= PROBLEM DETAILS =
Below are records; quote them exactly from the first line through the line that contains "This spacious Windsport".
(INFORMATION SUPPLIED Opens)
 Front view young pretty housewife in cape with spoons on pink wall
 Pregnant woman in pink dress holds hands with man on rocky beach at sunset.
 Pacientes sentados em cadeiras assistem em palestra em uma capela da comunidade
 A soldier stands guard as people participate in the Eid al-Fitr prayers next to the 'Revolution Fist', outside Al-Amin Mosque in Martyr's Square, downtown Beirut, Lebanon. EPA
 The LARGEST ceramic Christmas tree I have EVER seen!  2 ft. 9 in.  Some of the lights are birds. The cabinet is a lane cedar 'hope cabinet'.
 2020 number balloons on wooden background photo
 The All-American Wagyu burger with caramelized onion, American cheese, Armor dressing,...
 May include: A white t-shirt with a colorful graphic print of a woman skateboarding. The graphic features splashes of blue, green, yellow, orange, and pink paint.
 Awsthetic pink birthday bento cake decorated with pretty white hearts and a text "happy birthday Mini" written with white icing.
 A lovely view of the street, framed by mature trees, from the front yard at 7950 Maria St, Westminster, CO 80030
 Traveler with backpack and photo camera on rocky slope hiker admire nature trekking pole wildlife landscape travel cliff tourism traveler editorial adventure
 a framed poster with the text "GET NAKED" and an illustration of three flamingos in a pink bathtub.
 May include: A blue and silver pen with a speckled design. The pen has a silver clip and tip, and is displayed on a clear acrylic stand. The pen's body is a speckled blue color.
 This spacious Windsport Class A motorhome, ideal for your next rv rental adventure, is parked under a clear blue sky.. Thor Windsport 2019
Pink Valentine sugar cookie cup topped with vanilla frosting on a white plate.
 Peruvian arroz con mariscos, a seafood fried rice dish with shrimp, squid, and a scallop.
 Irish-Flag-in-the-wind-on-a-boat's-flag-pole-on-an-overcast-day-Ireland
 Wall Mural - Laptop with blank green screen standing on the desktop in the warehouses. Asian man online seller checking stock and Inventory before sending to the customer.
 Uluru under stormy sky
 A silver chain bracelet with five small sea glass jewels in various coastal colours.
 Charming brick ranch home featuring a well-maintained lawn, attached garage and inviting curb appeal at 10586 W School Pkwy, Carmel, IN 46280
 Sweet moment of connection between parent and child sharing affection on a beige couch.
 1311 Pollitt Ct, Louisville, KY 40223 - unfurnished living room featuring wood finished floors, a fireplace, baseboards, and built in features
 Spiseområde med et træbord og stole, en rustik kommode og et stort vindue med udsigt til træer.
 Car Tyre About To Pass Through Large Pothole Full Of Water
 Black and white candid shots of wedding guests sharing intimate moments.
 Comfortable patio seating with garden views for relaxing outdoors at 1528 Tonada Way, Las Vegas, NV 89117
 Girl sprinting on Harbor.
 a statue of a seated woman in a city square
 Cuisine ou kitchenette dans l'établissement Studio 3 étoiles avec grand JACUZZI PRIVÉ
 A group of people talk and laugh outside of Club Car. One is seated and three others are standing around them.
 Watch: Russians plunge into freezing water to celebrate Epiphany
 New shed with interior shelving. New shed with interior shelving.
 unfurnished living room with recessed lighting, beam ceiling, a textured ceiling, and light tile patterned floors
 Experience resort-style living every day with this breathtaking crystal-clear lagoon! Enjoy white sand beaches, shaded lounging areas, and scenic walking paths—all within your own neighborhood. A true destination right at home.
(INFORMATION SUPPLIED Closes)
= ANSWER SECTION =
 Front view young pretty housewife in cape with spoons on pink wall
 Pregnant woman in pink dress holds hands with man on rocky beach at sunset.
 Pacientes sentados em cadeiras assistem em palestra em uma capela da comunidade
 A soldier stands guard as people participate in the Eid al-Fitr prayers next to the 'Revolution Fist', outside Al-Amin Mosque in Martyr's Square, downtown Beirut, Lebanon. EPA
 The LARGEST ceramic Christmas tree I have EVER seen!  2 ft. 9 in.  Some of the lights are birds. The cabinet is a lane cedar 'hope cabinet'.
 2020 number balloons on wooden background photo
 The All-American Wagyu burger with caramelized onion, American cheese, Armor dressing,...
 May include: A white t-shirt with a colorful graphic print of a woman skateboarding. The graphic features splashes of blue, green, yellow, orange, and pink paint.
 Awsthetic pink birthday bento cake decorated with pretty white hearts and a text "happy birthday Mini" written with white icing.
 A lovely view of the street, framed by mature trees, from the front yard at 7950 Maria St, Westminster, CO 80030
 Traveler with backpack and photo camera on rocky slope hiker admire nature trekking pole wildlife landscape travel cliff tourism traveler editorial adventure
 a framed poster with the text "GET NAKED" and an illustration of three flamingos in a pink bathtub.
 May include: A blue and silver pen with a speckled design. The pen has a silver clip and tip, and is displayed on a clear acrylic stand. The pen's body is a speckled blue color.
 This spacious Windsport Class A motorhome, ideal for your next rv rental adventure, is parked under a clear blue sky.. Thor Windsport 2019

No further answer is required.